Building gRPC Services in .NET
gRPC uses HTTP/2 and protocol buffers to deliver 4–10× better latency than JSON REST APIs. Define services in .proto files; .NET tooling generates strongly-typed clients and servers. gRPC is ideal for service-to-service communication (where you control both sides) but less flexible for public APIs (firewalls, browser compatibility). This theme covers proto syntax, streaming, bidirectional channels, and cancellation tokens in .NET.
Resilience and Fault Tolerance with Polly
In a distributed system, calls fail: networks timeout, dependencies go down, databases lock. Polly is a .NET resilience library providing circuit breakers (fail fast if a service is down), retry policies (exponential backoff, jitter), and fallbacks (graceful degradation). Circuit breakers prevent thundering-herd retries; exponential backoff gives downed services time to recover. This theme teaches you to wrap every inter-service call in resilience policies, reducing cascading failures and improving user experience during outages.
API Gateways and Service Composition
An API Gateway sits between clients and microservices, handling routing, rate limiting, authentication, and request/response transformation. Instead of clients calling services directly (exposing your topology), they call one gateway. Ocelot is a lightweight .NET gateway; Kong is enterprise-grade. This theme covers gateway patterns, how to compose multiple service responses into a single client response (query aggregation), and how to protect backend services from direct access.
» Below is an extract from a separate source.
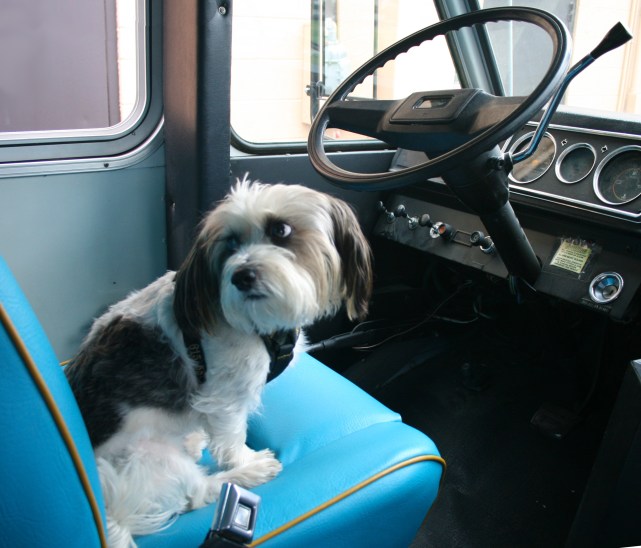 1603 Sparky at the wheel.jpg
Why Build Distributed Systems?
Monolithic applications scale vertically—buy bigger servers—until hitting hardware limits or deployment time windows. Microservices scale horizontally: add new servers running the same service. Independent deployments let teams move faster: the Orders team ships a feature without waiting for Payments or Inventory. Bounded domains reduce cognitive load—each service is smaller and easier to understand. The cost is operational complexity: you must manage data consistency across databases, monitor more moving parts, and debug across process boundaries.
Learning Outcomes
After this chapter, you will be able to:
- Architect a business domain as a set of communicating microservices
- Choose between sync (gRPC, HTTP REST) and async (RabbitMQ, message buses) communication
- Implement publish-subscribe event flows using MassTransit
- Write
.protocontracts and generate gRPC clients/servers - Apply circuit breakers, retries, and timeouts to prevent cascading failures
- Deploy services independently and coordinate releases via API contracts
- Design and implement saga patterns for distributed transactions
Frequently Asked Questions
When should I use microservices instead of a monolith?
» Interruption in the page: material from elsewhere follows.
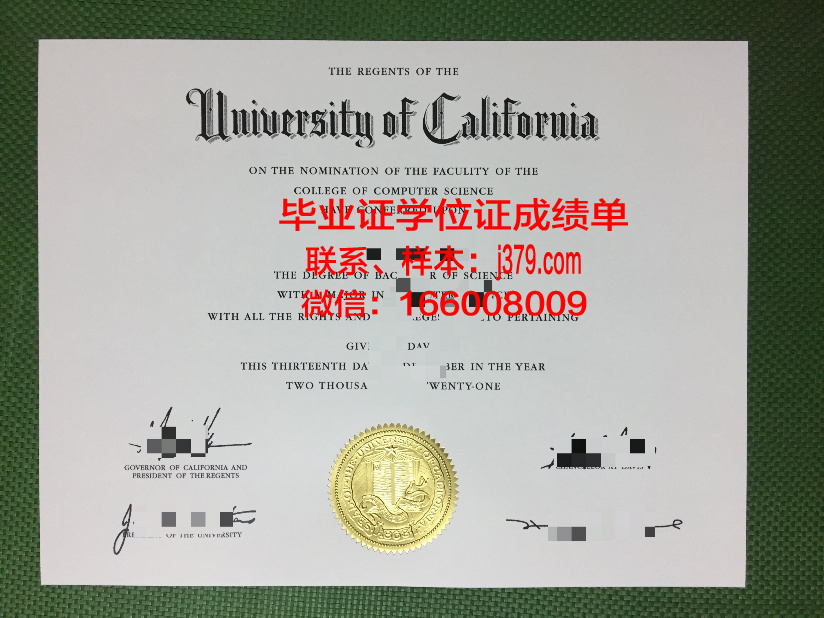 雅西国立艺术大学本科毕业证：承载梦想的证书，开启未来之门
Use microservices when teams are large (>8 people per bounded domain), deployment frequency is high (>1 release per week), or failure isolation is critical. Microservices add 20–40% operational overhead compared to monoliths. If your team is small or your application has tight data coupling, stay monolithic and use modular architecture instead.
Should I use gRPC or HTTP REST for service-to-service calls?
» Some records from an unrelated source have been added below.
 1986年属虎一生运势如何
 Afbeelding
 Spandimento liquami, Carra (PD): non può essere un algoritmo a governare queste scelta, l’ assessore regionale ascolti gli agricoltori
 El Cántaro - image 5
gRPC is 4–10× faster and uses less bandwidth; use it for internal service calls where you control both client and server. HTTP REST is more flexible and cacheable; use it for public APIs or when polyglot languages must interoperate. Most systems use both: gRPC internally, REST publicly.
How do I handle distributed transactions across microservices?
Use the Saga pattern, which orchestrates a workflow across services. Orchestration-based sagas (a central orchestrator calls services in sequence) are easier to debug; choreography-based sagas (services emit events triggering each other) are more loosely coupled but harder to troubleshoot. For most cases, orchestration is simpler—sacrifice some decoupling for debuggability.